[R-sig-ME] gee, geese and glmer

Thu Mar 13 21:09:22 CET 2014

On 14-03-13 02:01 PM, Yang, Qiong wrote:
> Hi Ben and Martin,
> 
> Thanks you for your reply and taking time to explain the situation. 
> Maybe I wasn't clear in my previous message or don't have a deeper
> understanding of the CRAN policy: Instead of separate packages for
> "old-CRAN" lme4 (lme4.0), and the current lme4, which is not allowed
> by CRAN maintainer, is it possible to have an option in current lme4
> to call the algorithm in old lme4? I thought the new lme4 implements
> a different algorithm and why not make the old algorithm available in
> current lme4 lmer() as an option. It is like we can request pearson
> or spearman correlations in cor(). Sorry if I simplified the problem
> too much.

   It's not so much CRAN policy as the architecture of the software.  A
great deal of the internal structure has changed between versions <1.0
and > 1.0, so putting both versions into one package would basically
mean having copies of all of the old and all of the new code -- and
keeping it all safely distinguished and separate would probably be
substantially more work (we have about as much as we can to do keep up
with a single package ...)  As we said before, we were surprised by the
rejection of lme4.0 by CRAN -- our previous planning had assumed that we
would be able to put lme4.0 on CRAN.  Somewhat to our surprise, there
have been relatively few people contacting us with troubles similar to
yours -- for the most part it seems that is (thankfully) very rare that
lme4 gives significantly worse answers than lme4.0.

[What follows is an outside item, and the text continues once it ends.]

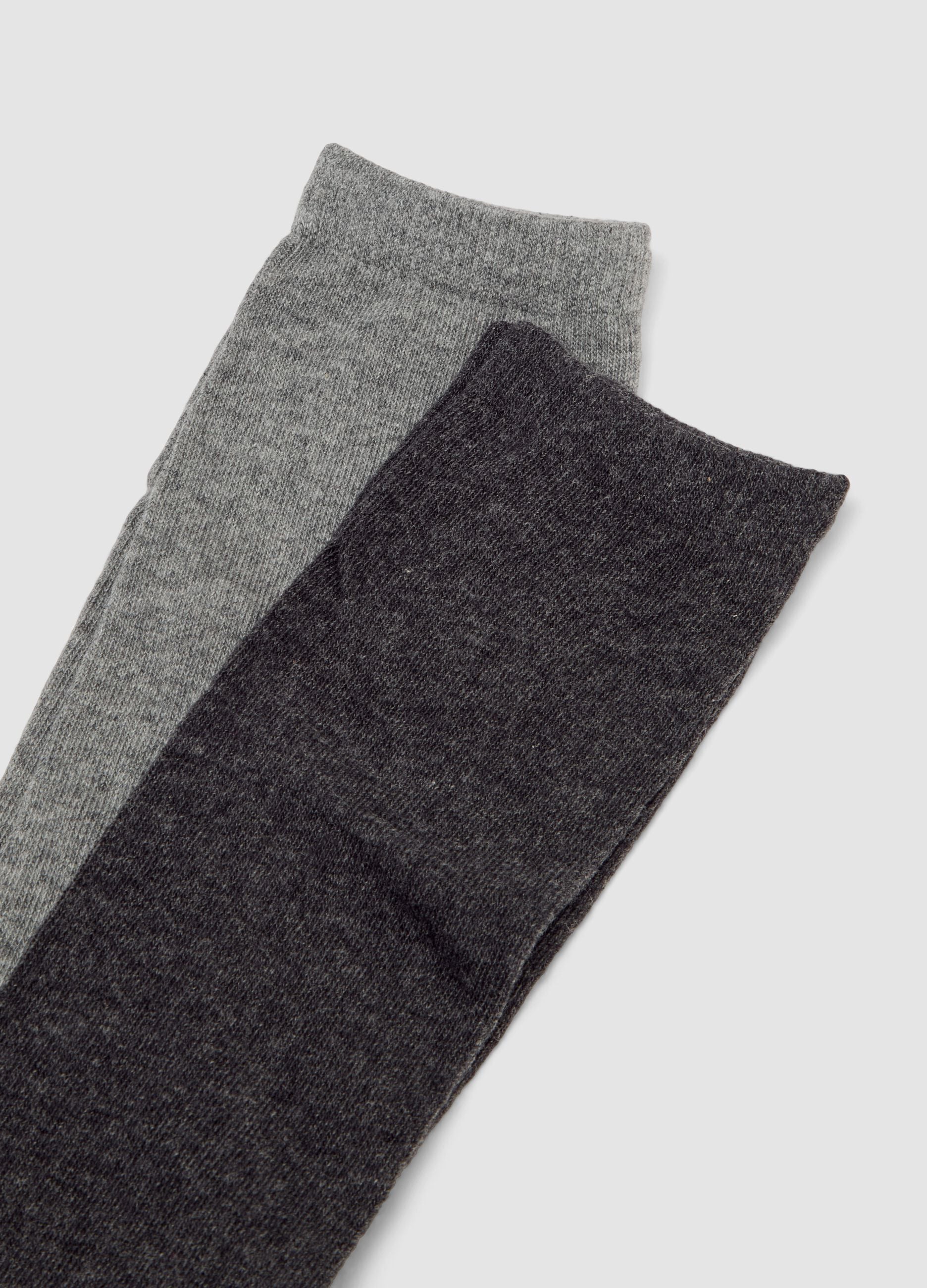 Three-pack of grey socks in organic stretch cotton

  So far it's not clear that lme4's answers are actually worse than
lme4.0's (I admit that all other things being equal, closer to GEE is
more likely to be correct -- on the other hand, we know that GEE gives
marginal estimates of fixed parameters while GLMM gives conditional
estimates, so we shouldn't expect them to be the same).  Can I confirm:

* you've tried this with the most recent development version of lme4
(1.1-4) and you do *not* get any convergence warnings?

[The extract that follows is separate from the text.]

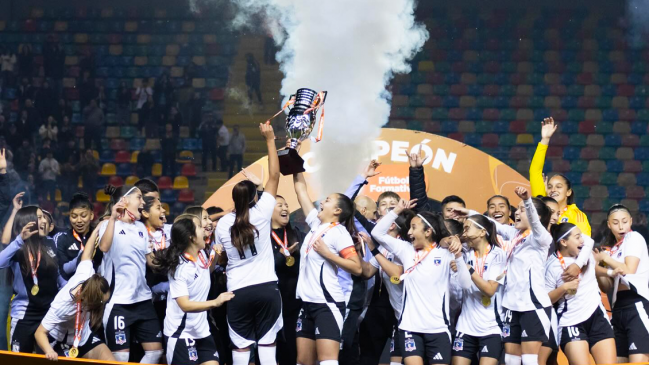 Formativo femenino: Colo Colo alcanzó el bicampeonato tras vencer a la U en penales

* have you compared the deviances based on the old (lme4.0 / lme4 < 1.0)
and new packages?  Here is the outline of how you would do this:

library(lme4)   ## load new package
m1 <- glmer(...) ## lme4 fit
library(lme4.0)  ## load old package
m0 <- lme4.0::glmer(...) ## lme4.0 fit
## extract full parameter set for lme4.0 and lme4 fits
m0parms <- c(getME(m0,"theta"),fixef(m0))
m1parms <- c(lme4::getME(m1,"theta"),fixef(m1))
nparms <- length(m0parms)
ntheta <- length(getME(m0,"theta"))

par(las=1,bty="l")
plot(m0parms,m1parms,col=rep(2:1,c(ntheta,nparms-ntheta)))
abline(a=0,b=1)

## set up deviance function
dd <- lme4::glmer(...,devFunOnly=TRUE)
## compare
dd(m0parms)
dd(m1parms)

  If the new deviance is lower than the old deviance, that's a strong
indication that the new version is actually getting a _better_ fit than
the old one.

  Another diagnostic tool is:

library(bbmle)
ss1 <- slice2D(fun = dd, params = m1parms, verbose = FALSE)
splom(ss1)

  This will show you cross-sections of the deviance surface ...

> To Ben, Sorry that we cannot share data because of confidentiality
> policy. But you are able to debug our problem through PC screen
> sharing where you can gain control and run programs on our Linux 
> session without possessing the data. If that sounds like a good idea,
> let us know when you might be available to do so.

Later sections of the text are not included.